In To Kill a Mockingbird, the events are related by Scout as a child and as an adult. The reader gets the perspective of a child but also the hindsight and wisdom of the adult. As Jem and Scout become more aware of the culture of Maycomb, they learn more about race, racism, and social class differences. In learning about these flaws of the adult world, they gain knowledge and insight but they certainly do lose the innocence (or naivete might be the better word) they once had. In discussing these kinds of issues, Jem comes to a poignant conclusion that Boo Radley might choose to stay inside in order to avoid flaws and hypocrites of the adult world:
“That’s what I thought, too,” he said at last, “when I was your age. If there’s just one kind of folks, why can’t they get along with each other? If they’re all alike, why do they go out of their way to despise each other? Scout, I think I’m beginning to understand something. I think I’m beginning to understand why Boo Radley’s stayed shut up in the house all this time… it’s because he wants to stay inside.” (Chapter 23)

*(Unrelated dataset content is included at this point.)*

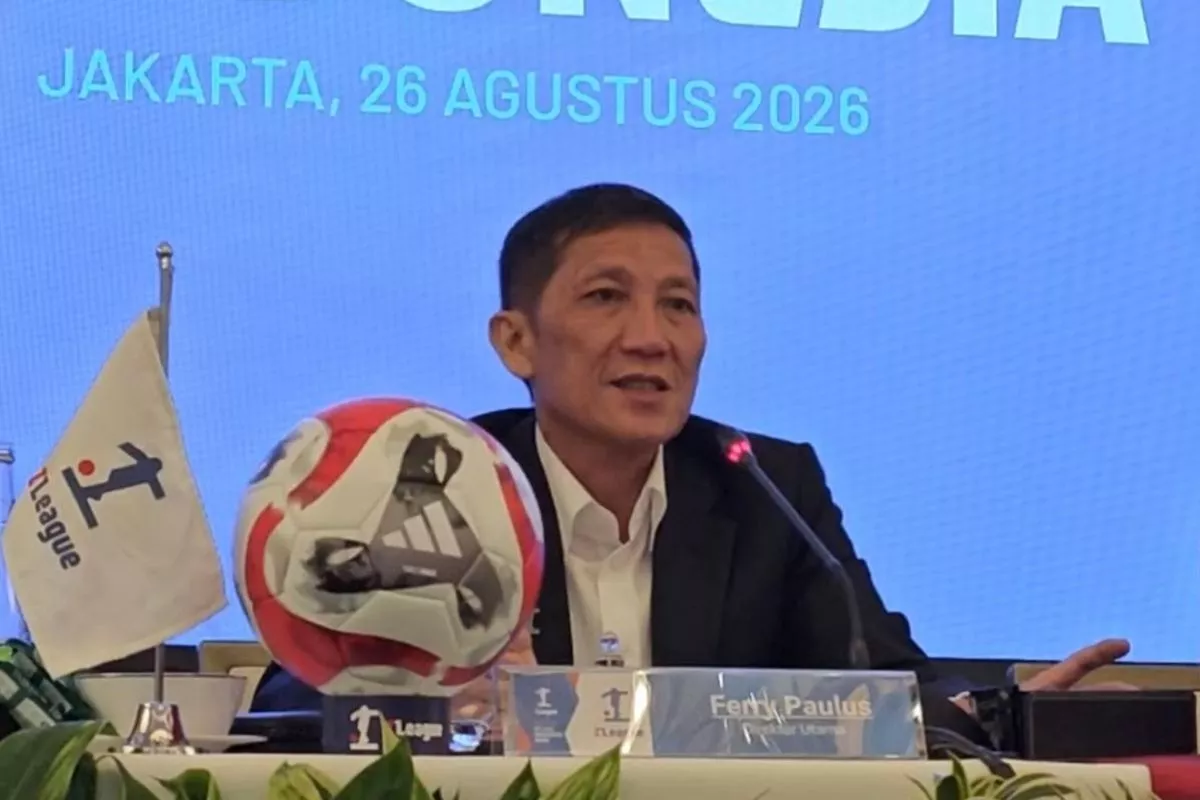 I-League Pastikan Duel Panas Persija lawan Persib Digelar di GBK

Racism is certainly a main theme in the novel. Bob and Mayella Ewell use Tom as a scapegoat, thereby revealing their own racism as well as the racism that exists in town. They know that if Tom is accused, he is likely to be convicted because the jury will be all white and it is likely that they will not be able to see the truth but for the racist perspectives handed to them by their ancestors. Note that Mayella's loneliness results from being forced into the position of mother to all of the Ewell children. She reaches out to Tom for help but also for companionship. When Tom rejects and Bob Ewell beats her, she takes that loneliness out on Tom (although she was probably forced by her father to do so).

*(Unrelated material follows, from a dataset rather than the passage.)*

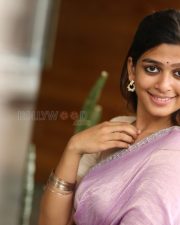 Actress Ananthika Sanilkumar at 8 Vasantalu Success Meet Photos 21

Atticus is the model of courage and ethical behavior in the novel. Jem and Scout learn from his example, in what he says and does. He willingly takes the trial because he knows he is Tom's best chance, difficult though it would be. He has the courage and intelligence to think about everyone's perspective. There are countless examples of this. One example is when he allows Bob Ewell to get away with spitting on him. He explains his thinking to Jem:
“Jem, see if you can stand in Bob Ewell’s shoes a minute. I destroyed his last shred of credibility at that trial, if he had any to begin with. The man had to have some kind of comeback, his kind always does. So if spitting in my face and threatening me saved Mayella Ewell one extra beating, that’s something I’ll gladly take. He had to take it out on somebody and I’d rather it be me than that houseful of children out there." (Ch. 23)
A lot can be said in terms of roles and education in this novel. Scout is torn between Aunt Alexandra's expectations of her to be a lady and her (Scout's) own desire to be a tomboy and more importantly to be genuine. In terms of education, it seems pretty clear that Jem and Scout have an advantage over other children and this is because Atticus is such a good father and good teacher. If all the other children in Maycomb had a parent like Atticus, the next generation of Maycomb's citizens would likely be more courageous, educated, and just.